The startup lesson is this: Find your niche through market dynamics, don’t target it.
One of my favourite marketing strategies is this:
A new distribution point.
The thing that is cool about this is that we don’t need to worry about whether there is demand for the product or service (the idea is to pick a category which is hot) Rather just to ensure expanded availability creates value.
Been Squeeze are on the coffee wagon.
When I first read about Coffee Drive in’s via Springwise I was a bit skeptical. But I’ve found it to be just the ticket while I’m driving down the coast for a surf. And every time I go there it’s quite busy.
Here’s what’s exactly the same with Been Squeeze and any other espresso coffee retailers:
– the coffee taste
– the price points
– the packaging
– The promotion (based on high traffic location )
Here’s whats different – the way & where you buy the coffee. So what this does for a startup is reduce strategic complexity because the ‘coffee model’ is proven. Demand for coffee exists – they are just leveraging it further. Ther are no prizes for originality in business – just making for making cool stuff and making profits.
The real kicker for me is their service which is very friendly – more like a cafe than a McDonalds. In fact on my last visit on Saturday than even asked for my other coffee cup from the previous day to put in the trash for me. And now I am talking about it.
What does great packaging look like?
Chances are you will have to package your widget for your start up. Or at least something in your new business.

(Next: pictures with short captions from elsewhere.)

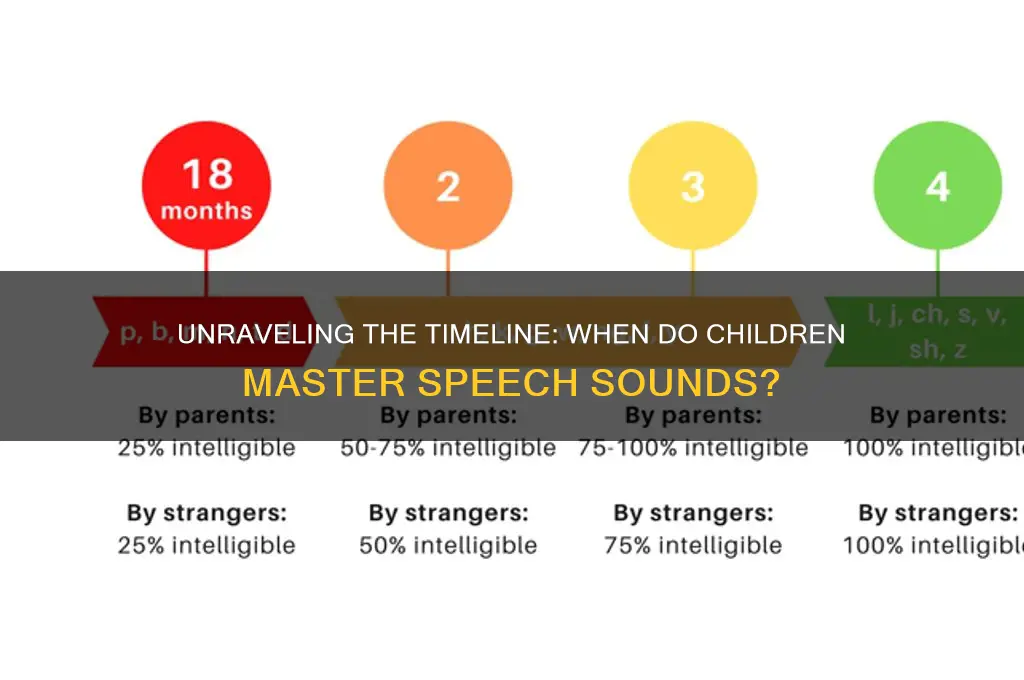 when are speech sounds learned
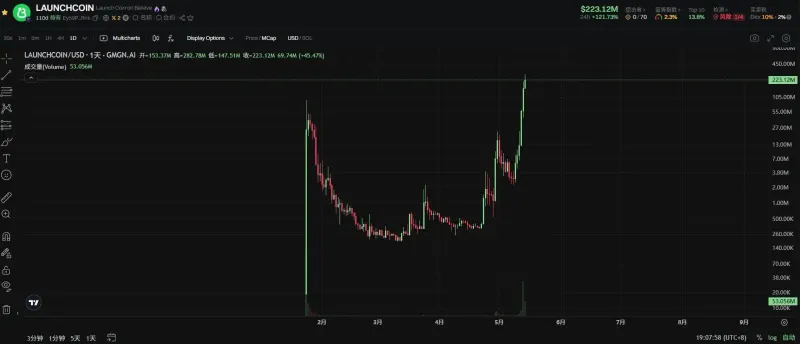 Believe 生態：動態債券曲線驅動六大代幣市值快速成長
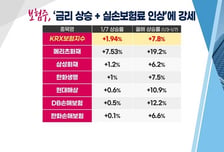 [투자뉴스7] 불안한 시장 4Q 호실적 기대주 주목! 꼭! 봐야할 '4가지 종목'은?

I often ask people the best packaging they have ever seen. Coming from a consumer goods background I get a lot of varied answers, but never do I get the answer I propose the be the ultimate.

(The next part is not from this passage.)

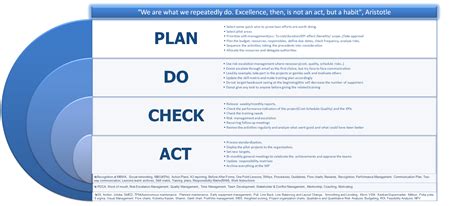 Project Management Sample Training Plan に対する画像結果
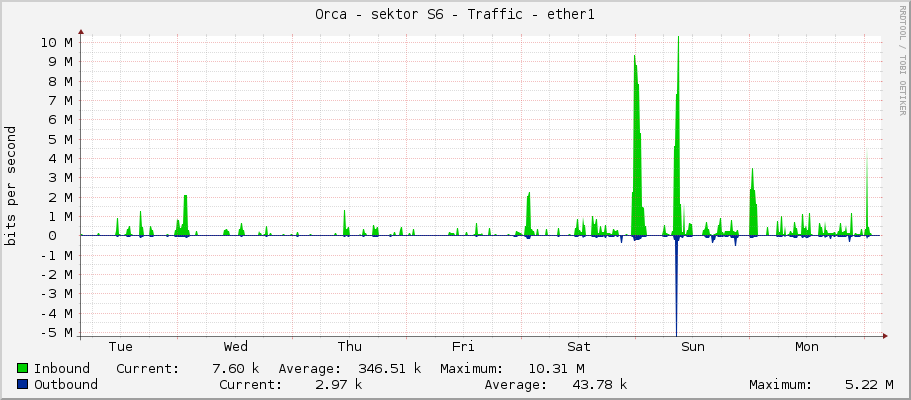 Orca - sektor S6 - Traffic - ether1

Easy opening, but only when it’s ripe
Consume straight from packaging
Changes color from green to yellow as it nears its zenith
Quality of each unit verified by packaging
Built in ‘used by date’ indicator – packaging changes color – so awesome.

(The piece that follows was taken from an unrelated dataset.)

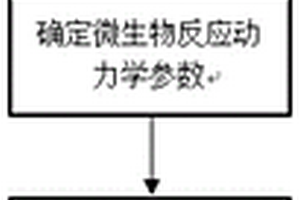 基于反應動力學模型的微生物采油數值模擬方法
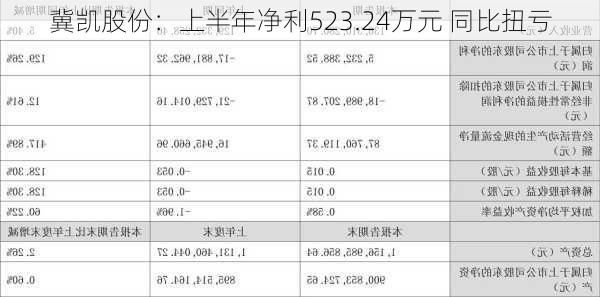 冀凯股份：上半年净利523.24万元 同比扭亏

Gives off product fragrance
Uber Ergonomic design & handling
Ship in packaging with mutlipack nesting design
Oh, I nearly forgot, good for slipping enemies in a car chase.
What can you learn from Nature?
How would nature package your product?
When we think about innovation, our minds get lost in big ideas and large investment. The Space shuttle, Electric cars, desalination plants, the Airbus A380. We’ve been influenced by mainstream business media, and the military industrial complex. As entrepreneurs we’d be much better placed to think as micro as possible when considering how to innovate. Because unless we are ‘inventers’ or ‘engineers’, the only innovations we need to care about are those which get to market.
Take this simple innovation from the publishing industry.
Magazine subscriptions which have been repacked to be sold in a new / yet existing distribution channel.
Before this shift in mindset, magazine subscriptions were only sold as in magazine leaflets, through call centers and via door knocking. Enter new packaging format, and all of sudden a magazine subscription is being retailed in newsagents and bookstores (This photo was taken in Borders). It becomes a simple ‘gift’ which provides us something we can hand ‘hand over’ to the recipient to touch and hold – we can even gift wrap it. It opens new revenue possibilities.
It’s clear that there is little capital expenditure with this innovation, which is simply a widening of distribution. In fact – new forms of distribution are often the most profitable innovations.
Start ups – When innovating, think micro.